Cada obra lida, após o reconhecimento da Justiça, reduzirá em quatro dias a pena da pessoa presa. A resolução estabelece o limite de 12 livros lidos por ano e, portanto, 48 dias remidos como teto anual dessa modalidade de remição. Em respeito à Lei 13696/2018, que instituiu a Política Nacional de Leitura e Escrita, ficam vedadas a censura, a existência de lista prévia de títulos para fins de remição e a aplicação de provas. A Resolução também propõe que sejam adotadas estratégias para reconhecimento da leitura por pessoas com deficiência, analfabetas ou com defasagem de letramento.
Práticas não-escolares
De acordo com a nova normativa, práticas sociais educativas não-escolares são aquelas “atividades de socialização e de educação não-escolar, de autoaprendizagem ou de aprendizagem coletiva” que educam fora da sala de aula tradicional. Podem ter “natureza cultural, esportiva, de capacitação profissional, de saúde, entre outras”, mas a iniciativa deverá ter requisitos semelhantes ao de um programa de ensino regular.
Serão cobrados. das “iniciativas autônomas, instituições de ensino públicas ou privadas e pessoas e instituições autorizadas ou conveniadas com o poder público para esse fim”. os objetivos e conteúdo propostos, base teórica, metodologias, carga horária e frequência. A remição da pena da pessoa presa matriculada em algum projeto não-escolar dentro de unidade prisional será contabilizada em horas de participação efetiva (presença aferida), de modo semelhante a contagem de tempo no ensino regular.
Exames
Caso a pessoa presa consiga ser aprovada em algum exame que resulte na conclusão de um dos níveis da Educação Básica (fundamental e médio), terá sua pena reduzida em metade da carga horária correspondente à etapa concluída, conforme definido por resolução do Conselho Nacional de Educação. A conclusão dos anos finais do ensino fundamental faz jus a carga horária de 1.600 horas e, para ensino médio ou educação profissional técnica de nível médio, 1.200 horas.
A quantidade de horas será acrescida em um terço se o preso demonstrar que concluiu um dos níveis da Educação Básica, conforme definido pela LEP. A cada 12 horas de estudo, comprovadas pela Justiça, o preso terá direito a um dia a menos na pena.
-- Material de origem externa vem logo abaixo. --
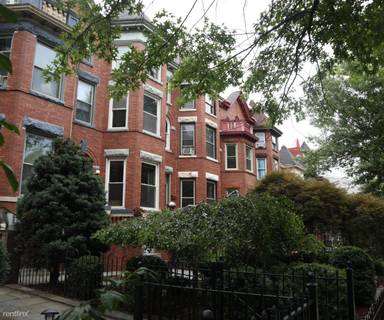 Main picture of 1207 Harvard St NW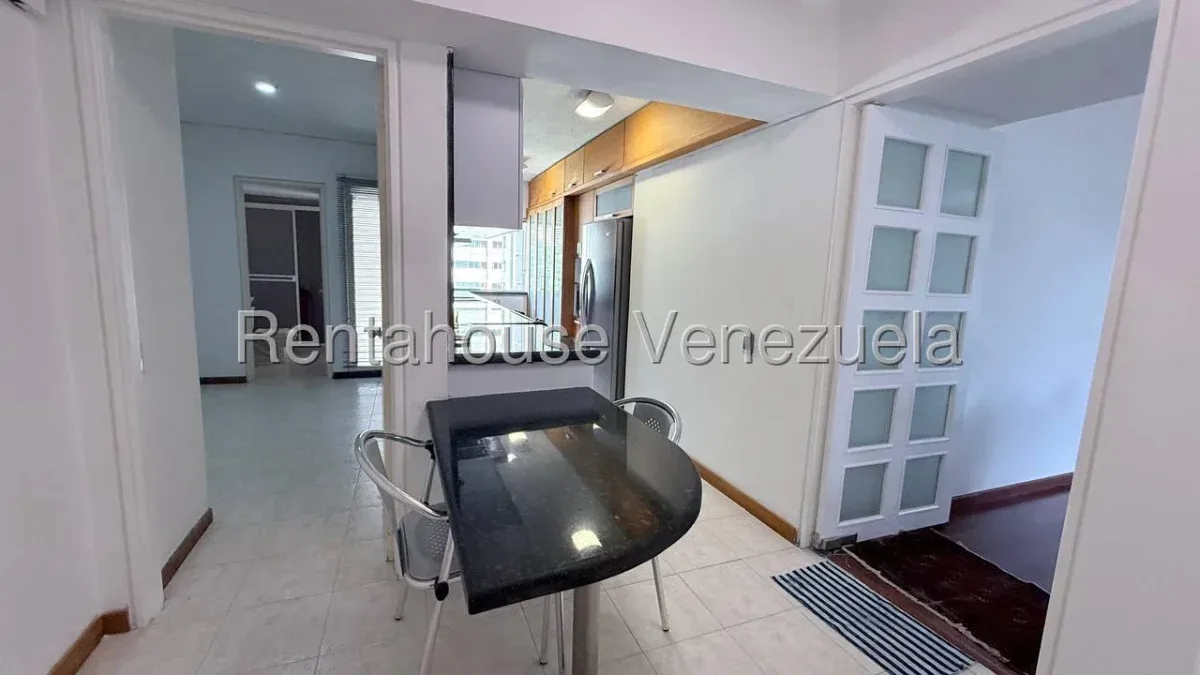 Maravilloso Apartamento En Venta Los Dos Caminos, Espacioso, Piso Bajo - 10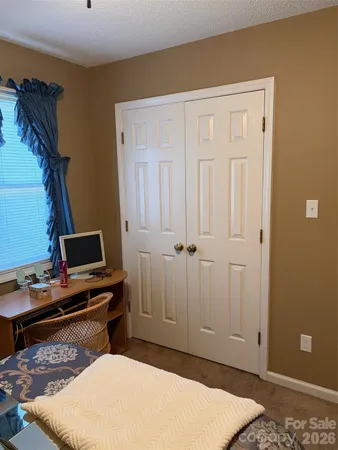 $185,000 | 605 8th Avenue Southwest, Unit D5, Conover, NC 28613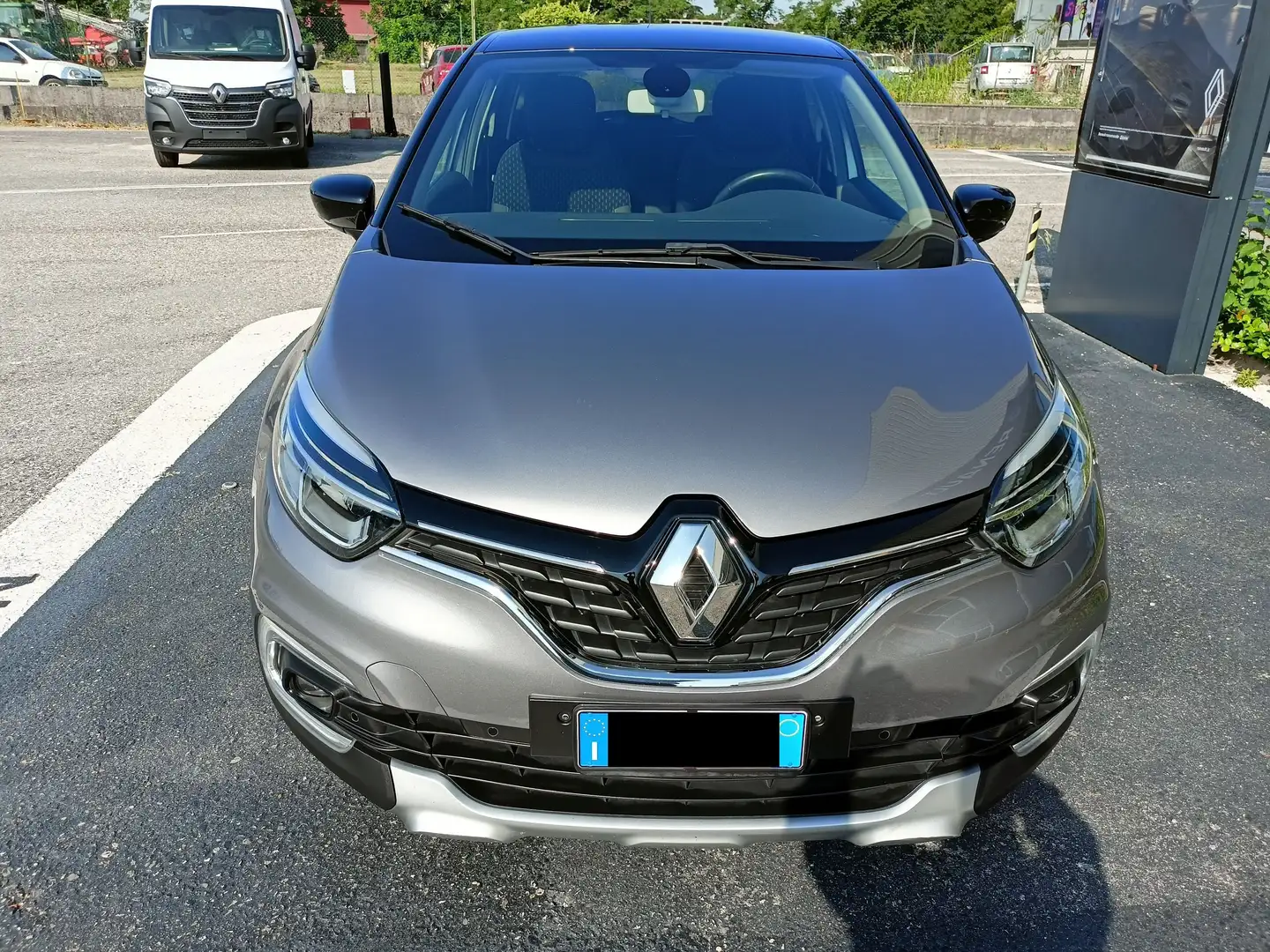 Renault Captur Intens 1.5 dCi 90cv EDC Grigio - 1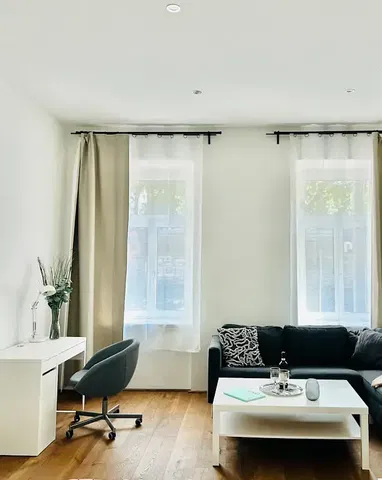 Soggiorno; luce naturale, pavimento in legno, stile moderno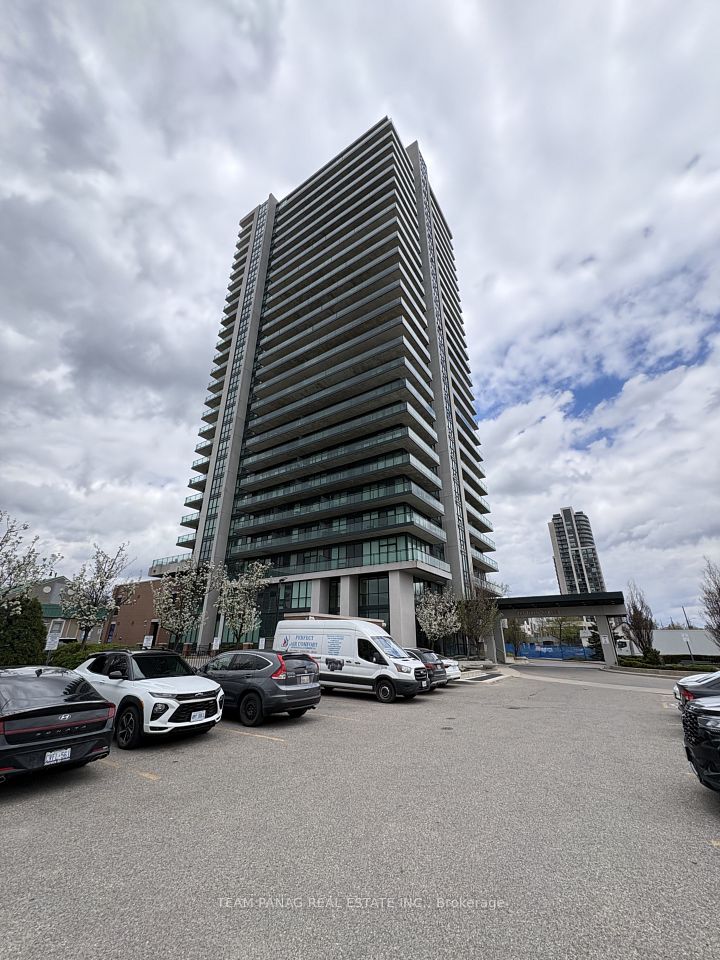Condo Apartment at 100 John Street 203, Brampton, ON L6N 2S8, Brampton
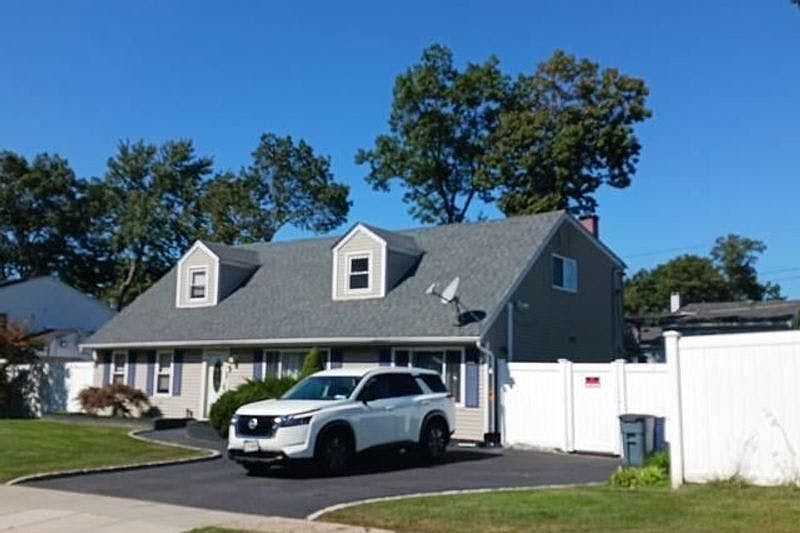 1st image of 49 Clymer St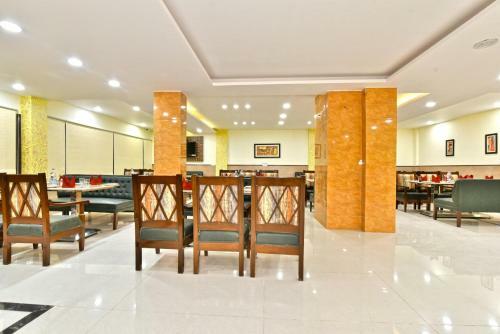Hotel Comfort Court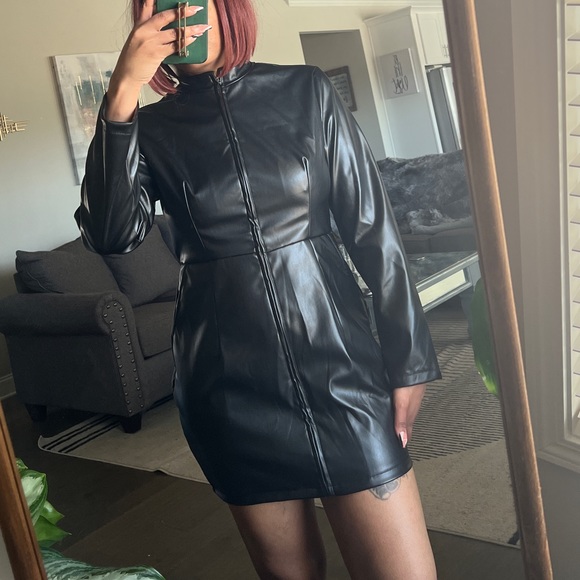Loragal Faux leather long sleeve mini dress - Picture 5 of 9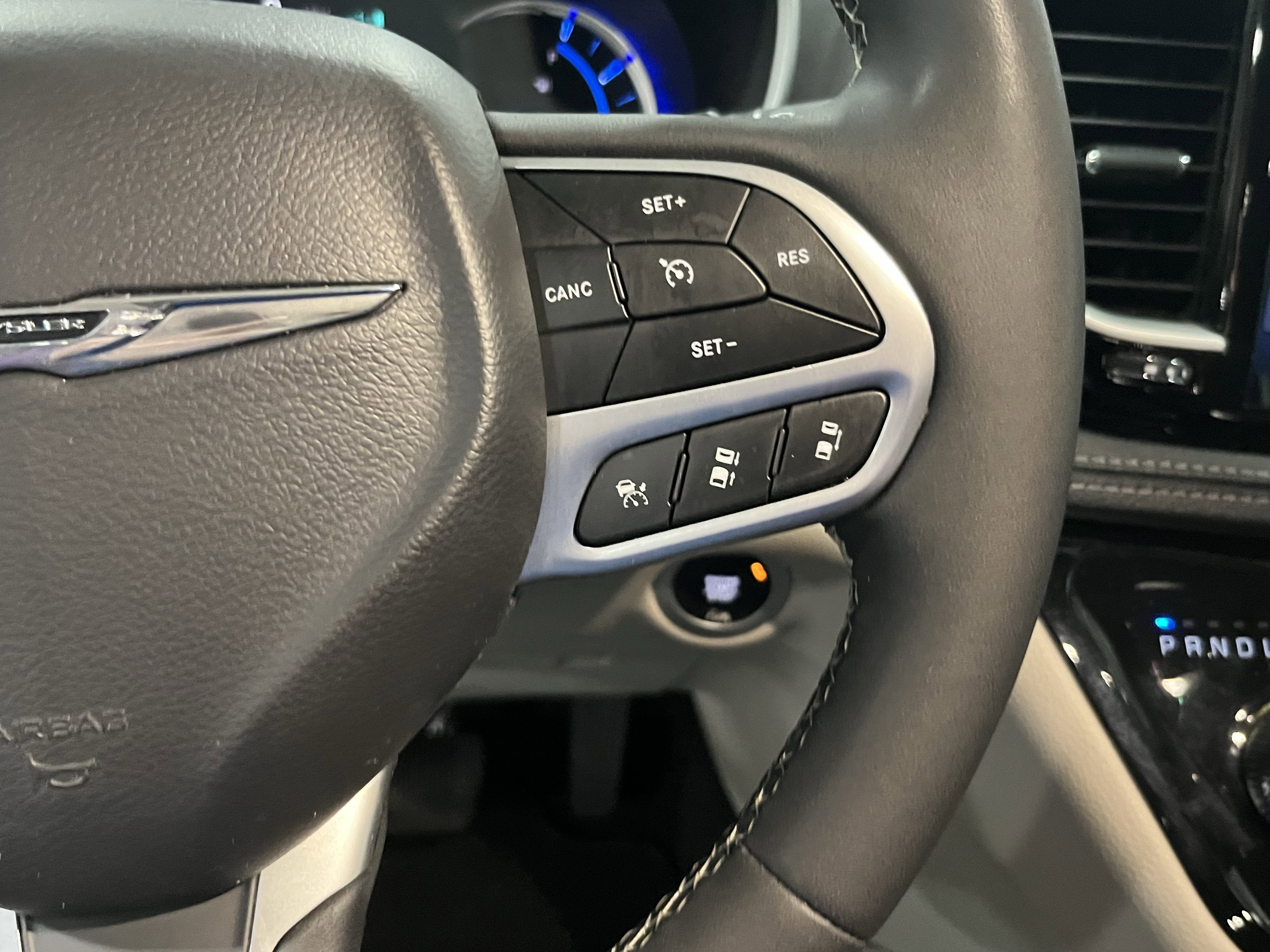 2024 Chrysler Pacifica Hybrid Select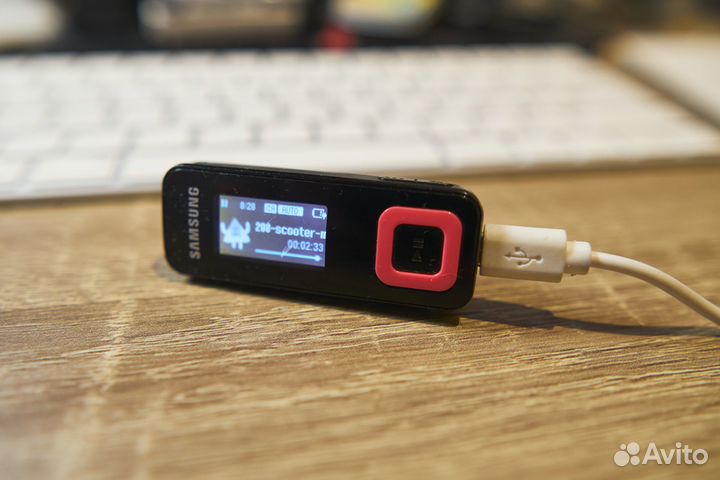 Mp3 плеер Samsung F3 4gb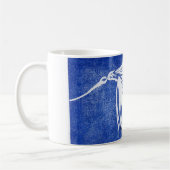 "Mouche sur bleu" Truite classique Voler Mug (Gauche)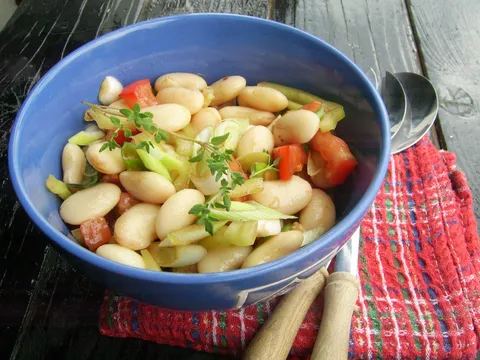 Pikantna Grah Salata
A discussão sobre a resolução e o acompanhamento de sua implementação têm apoio do Programa Fazendo Justiça, coordenado pelo Departamento de Monitoramento e Fiscalização do Sistema Carcerário e Sistema de Medidas Socioeducativas, do CNJ. Os grupos irão apresentar proposta de Planos Nacionais de Esportes e de Leitura, com a finalidade de ampliar o impacto da Resolução na promoção das práticas sociais educativas nos estabelecimentos prisionais.
O Fazendo Justiça é uma parceria entre o CNJ e o Programa das Nações Unidas para o Desenvolvimento, com apoio do Departamento Penitenciário Nacional, para a abordagem de desafios estruturais no campo da privação de liberdade.